While there are other important procedural requirements, the IRS Form 14654 is arguably the most important. The Streamlined Compliance Procedures are designed to reduce or eliminate the IRS’s assertion of penalties. By coming forward voluntarily, Streamlined Compliance Procedures reduce a taxpayer’s penalty exposure to a mandatory 5% Streamlined Penalty. Depending on all the facts and circumstances, a mandatory 5% is a significant upfront benefit as compared to the potential for much higher penalties if later “discovered” by the IRS. Another benefit of voluntary disclosure is the IRS’s agreement that tax returns will not automatically be audited. They may be audited, and additional penalties may apply (at the discretion of that IRS), but an audit is not automatic – like it would be upon discovery.

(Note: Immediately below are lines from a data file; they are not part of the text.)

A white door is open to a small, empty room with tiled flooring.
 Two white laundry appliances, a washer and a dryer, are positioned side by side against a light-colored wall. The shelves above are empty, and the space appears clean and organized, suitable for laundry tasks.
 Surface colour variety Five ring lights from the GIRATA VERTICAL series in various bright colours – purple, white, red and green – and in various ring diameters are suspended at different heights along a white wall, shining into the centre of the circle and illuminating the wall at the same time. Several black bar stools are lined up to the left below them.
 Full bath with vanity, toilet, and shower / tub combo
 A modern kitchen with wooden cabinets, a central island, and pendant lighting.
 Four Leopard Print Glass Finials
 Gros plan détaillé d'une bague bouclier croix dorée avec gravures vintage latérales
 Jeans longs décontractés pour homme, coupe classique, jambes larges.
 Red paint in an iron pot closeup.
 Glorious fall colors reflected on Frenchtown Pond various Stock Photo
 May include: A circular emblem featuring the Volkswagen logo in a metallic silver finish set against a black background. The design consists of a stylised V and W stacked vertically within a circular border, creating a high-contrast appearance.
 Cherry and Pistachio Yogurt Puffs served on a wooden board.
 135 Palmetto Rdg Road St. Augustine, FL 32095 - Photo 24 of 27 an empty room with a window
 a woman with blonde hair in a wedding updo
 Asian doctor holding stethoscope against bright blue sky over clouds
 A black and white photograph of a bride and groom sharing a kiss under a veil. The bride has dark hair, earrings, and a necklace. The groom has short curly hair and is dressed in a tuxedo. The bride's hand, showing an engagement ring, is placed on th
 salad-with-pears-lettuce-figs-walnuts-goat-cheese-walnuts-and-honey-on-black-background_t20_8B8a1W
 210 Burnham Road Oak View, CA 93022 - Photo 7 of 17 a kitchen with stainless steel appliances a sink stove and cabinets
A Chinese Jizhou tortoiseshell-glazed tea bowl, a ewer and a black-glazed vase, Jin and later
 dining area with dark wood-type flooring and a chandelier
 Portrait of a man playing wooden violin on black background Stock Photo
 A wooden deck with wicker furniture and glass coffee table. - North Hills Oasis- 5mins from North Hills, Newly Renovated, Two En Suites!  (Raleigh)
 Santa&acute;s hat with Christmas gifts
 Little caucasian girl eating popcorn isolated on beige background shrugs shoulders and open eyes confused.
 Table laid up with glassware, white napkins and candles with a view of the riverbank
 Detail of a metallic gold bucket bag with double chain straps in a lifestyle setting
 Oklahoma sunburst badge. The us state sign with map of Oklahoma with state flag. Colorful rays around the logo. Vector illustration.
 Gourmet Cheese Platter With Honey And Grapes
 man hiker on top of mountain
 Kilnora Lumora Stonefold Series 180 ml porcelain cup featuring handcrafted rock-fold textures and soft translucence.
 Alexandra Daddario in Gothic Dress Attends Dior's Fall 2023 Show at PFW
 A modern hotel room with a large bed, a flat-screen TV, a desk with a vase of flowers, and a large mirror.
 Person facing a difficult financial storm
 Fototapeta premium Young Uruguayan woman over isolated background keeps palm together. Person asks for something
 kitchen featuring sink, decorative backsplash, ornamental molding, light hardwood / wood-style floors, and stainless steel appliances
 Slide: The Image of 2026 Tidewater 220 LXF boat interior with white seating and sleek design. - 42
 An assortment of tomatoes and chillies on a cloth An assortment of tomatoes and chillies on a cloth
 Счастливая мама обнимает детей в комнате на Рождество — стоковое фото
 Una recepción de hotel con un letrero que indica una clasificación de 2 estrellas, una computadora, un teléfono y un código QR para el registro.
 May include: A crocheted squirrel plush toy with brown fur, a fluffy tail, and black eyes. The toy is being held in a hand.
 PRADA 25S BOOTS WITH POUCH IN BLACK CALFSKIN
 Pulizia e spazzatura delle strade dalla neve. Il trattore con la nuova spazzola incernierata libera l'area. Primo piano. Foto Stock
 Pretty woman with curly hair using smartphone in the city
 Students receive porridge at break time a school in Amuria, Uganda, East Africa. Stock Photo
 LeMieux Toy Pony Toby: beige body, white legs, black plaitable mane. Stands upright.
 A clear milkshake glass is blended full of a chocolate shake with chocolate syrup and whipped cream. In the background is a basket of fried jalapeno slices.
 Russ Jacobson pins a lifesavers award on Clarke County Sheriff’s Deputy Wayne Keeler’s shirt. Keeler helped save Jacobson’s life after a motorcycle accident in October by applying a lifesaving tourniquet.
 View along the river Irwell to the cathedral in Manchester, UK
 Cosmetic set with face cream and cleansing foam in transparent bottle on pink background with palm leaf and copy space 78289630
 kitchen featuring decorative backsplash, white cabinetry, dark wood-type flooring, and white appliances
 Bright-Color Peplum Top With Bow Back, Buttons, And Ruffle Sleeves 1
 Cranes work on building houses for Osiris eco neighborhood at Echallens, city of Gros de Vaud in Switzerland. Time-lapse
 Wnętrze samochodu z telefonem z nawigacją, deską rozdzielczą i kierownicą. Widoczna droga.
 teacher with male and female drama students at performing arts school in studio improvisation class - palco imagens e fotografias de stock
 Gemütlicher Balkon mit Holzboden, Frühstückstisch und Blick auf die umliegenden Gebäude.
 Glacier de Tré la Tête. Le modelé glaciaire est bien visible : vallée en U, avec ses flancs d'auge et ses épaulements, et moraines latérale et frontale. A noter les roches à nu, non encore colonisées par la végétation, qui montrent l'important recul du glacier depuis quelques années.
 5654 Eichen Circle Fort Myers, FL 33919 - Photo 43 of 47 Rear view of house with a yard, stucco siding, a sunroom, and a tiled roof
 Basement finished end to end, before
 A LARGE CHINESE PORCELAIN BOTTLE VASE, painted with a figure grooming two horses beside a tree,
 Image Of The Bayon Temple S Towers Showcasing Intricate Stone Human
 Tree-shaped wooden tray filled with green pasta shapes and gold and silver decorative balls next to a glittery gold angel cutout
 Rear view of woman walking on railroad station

Although the IRS “officially” closed its Offshore Voluntary Disclosure Program (OVDP) in 2018, IRS guidance still permits new submissions under different procedures but in coordination with the Streamlined Procedures. If a taxpayer is concerned about “willful” conduct, he or she is advised to utilize the IRS’s OVDP procedures. Navigating these murky waters are very complicated and it is advisable that a taxpayer seek legal help by a tax lawyer. Even the IRS, in its public guidance, advises taxpayers: if a failure to file required foreign bank accounts disclosures “was due to willful conduct and [those who] seek assurances that they will not be subject to criminal liability and/or substantial monetary penalties should consider participating in the Offshore Voluntary Disclosure Program and should consult with their tax professional or legal advisers”.
Not all is lost if a taxpayer fails to report his or her foreign bank accounts; but making the right choices to voluntary disclose and when and how is complex and depends upon a variety of important legal considerations. Consult with a tax lawyer before going it alone – there is too much at stake.